The landscape approach that EcoAgriculture Partners promotes puts people at its center, so that farmers help plan agricultural development as well as conservation projects. This ensures that these projects prioritize fair wages, healthy working conditions, and improved livelihoods for farmers, which we know leads to more, better, healthier food. Involving farmers and agricultural workers directly in the “food movement” in developing countries ensures the sustainable use of natural resources, since farmers and food workers are inclined to plan with their children and grandchildren in mind.

There is more to do to bring the workers’ rights and food movements together, but one powerful way to begin is to make sure farmers and food workers have seats at the negotiating table when agricultural development projects are being planned. In those moments, the actors in the two movements are one in the same.

Consider “Non-Food” Factors and Global Initiatives

As Jahi Chappell of the Institute for Agriculture and Trade Policy said, “over the last 40 years, 80 percent of the reduction of hunger was from non-production factors, like education, equality, and access.” This makes it all the more important to invest in women’s empowerment, worker’s rights, farmer education, and inclusive governance.

Many speakers and panelists specifically urged that women’s empowerment should be a more pressing issue in the food movement. Laurie Benson of 1% for Women reminded the Summit’s audience that if women farmers had the same access to resources, land, and capital as their male counterparts, total worldwide yields could grow by 30 percent. "We will not have sustainable and resilient food systems unless we invest in women farmers,” chimed Nabeeha Kazi of Humanitas Global. Kedar Mankad of ONE Campaign reminded, “With empowerment and education initiatives for women, there has been a 55 percent reduction in hunger over the last 15 years.”

Mankad also stressed that “international agreements are critical to ensure action is taken on food security.” Mankad emphasized that ONE Campaign is dedicating 2015 to making sure the Sustainable Development Goals (SDGs) include agriculture and food security high on the agenda. Forster, who has worked closely on United Nations food and environment negotiations for decades, noted that the language in the SDGs is much more integrated and holistic than in the Millenium Development Goals. Critically, he added, the SDGs will be universal, applying to both developed and developing countries.

Mankad also remarked that the U.N.'s International Year of Soils is a great opportunity to look at healing the land. Large-scale restoration commitments like Initiative 20x20  in Latin America can have powerful impacts on the food system, but only if they are implemented with the voices of farmers, food workers, healthcare workers, teachers, mothers, fathers, and other grassroots stakeholders at the table. Fortunately, as Thomas Forster pointed out, “the really good news for us is that food is a silo buster.”

Get Businesses on Board

At the summit, many advocated for business involvement in the sustainable food movement through sustainable sourcing initiatives. John Buchanan of Conservation International encouraged consumers to look for certifications that companies engage in sustainable sourcing. Buchanan stressed that sustainable sourcing is good for both consumers and businesses. For businesses, it provides security to their supply chain, which minimizes costs.

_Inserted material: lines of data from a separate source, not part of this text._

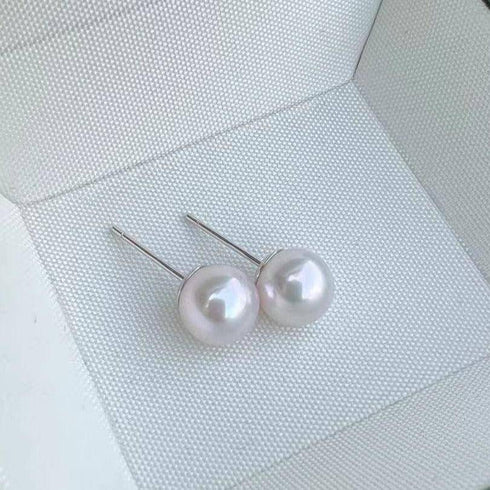 8-8.5mm Akoya Pearl Stud Earrings Sterling Silver - May-Lynn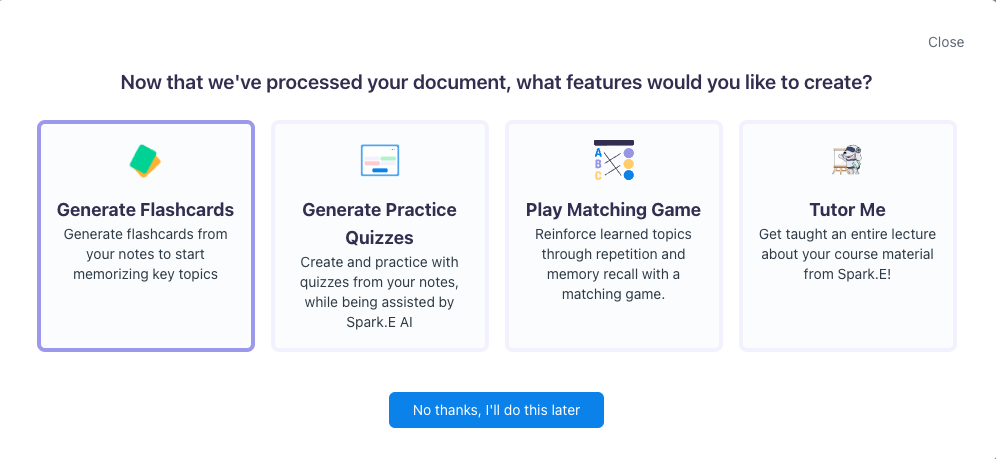In this case, click on Generate Flashcards Image showing the type of features that can be created, highlighted on Generate Flashcards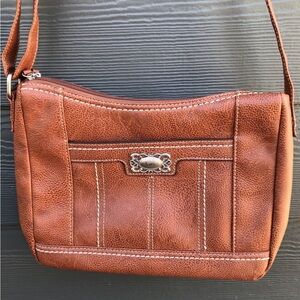 B.O.C Brown Faux Leather Crossbody Bag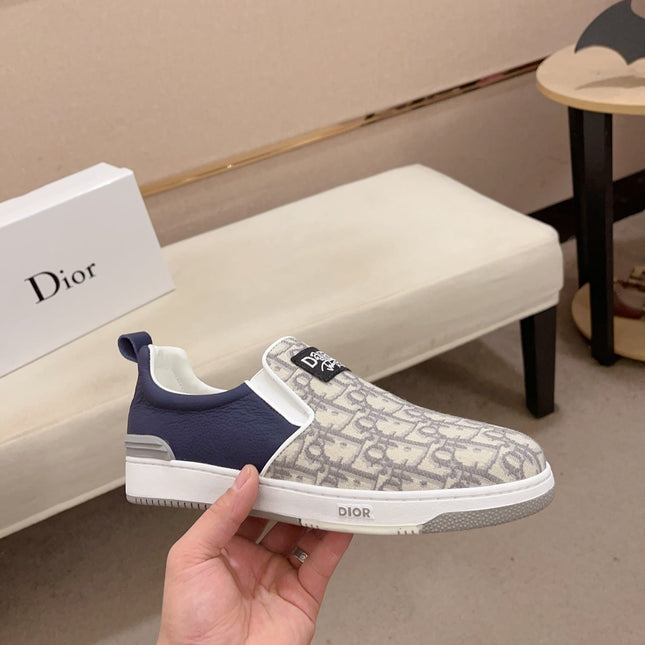CD SOLAR SLIP-ON NAVY AND IVORY JACQUARD
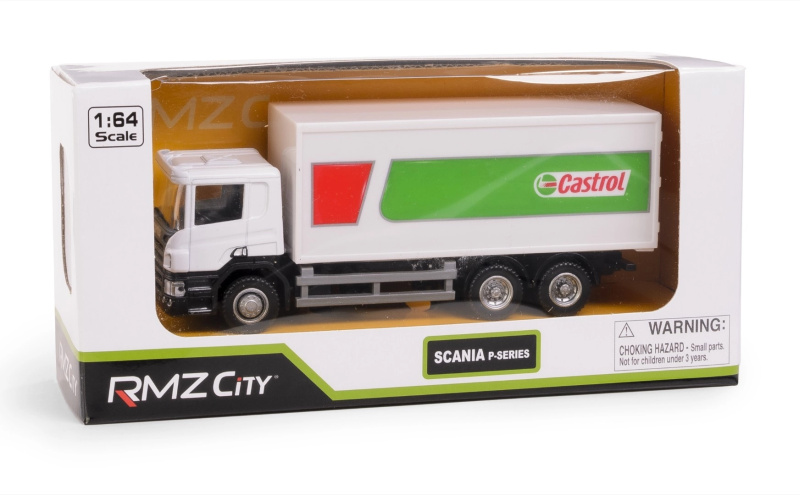 Kovový model nákladního auta SCANIA CASTROL 1:64 s pull-back pohonem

Jessica Rosen from Forum for the Future stated that, “responding to consumer and NGO demands, there is a strong business case to strategically plan for the future by investing in sustainable landscapes.” Rosen said  that the sustainable food movement should work with large businesses because companies can provide the proper support to create tangible solutions.

“I want to plug the Landscapes for People, Food and Nature Initiative for showing how integrated approaches can work,” Buchanan noted. The integrated landscape management (ILM) approach that the Landscapes for People, Food, and Nature Initiative promotes involves long-term collaboration among different groups of land managers and stakeholders, including businesses,  for better local livelihoods and improved health and well-being. As David Aylward from Ashoka stated, “If we just make it about food, we lose. If we just think about the environment, we lose. We need to think about it all together.”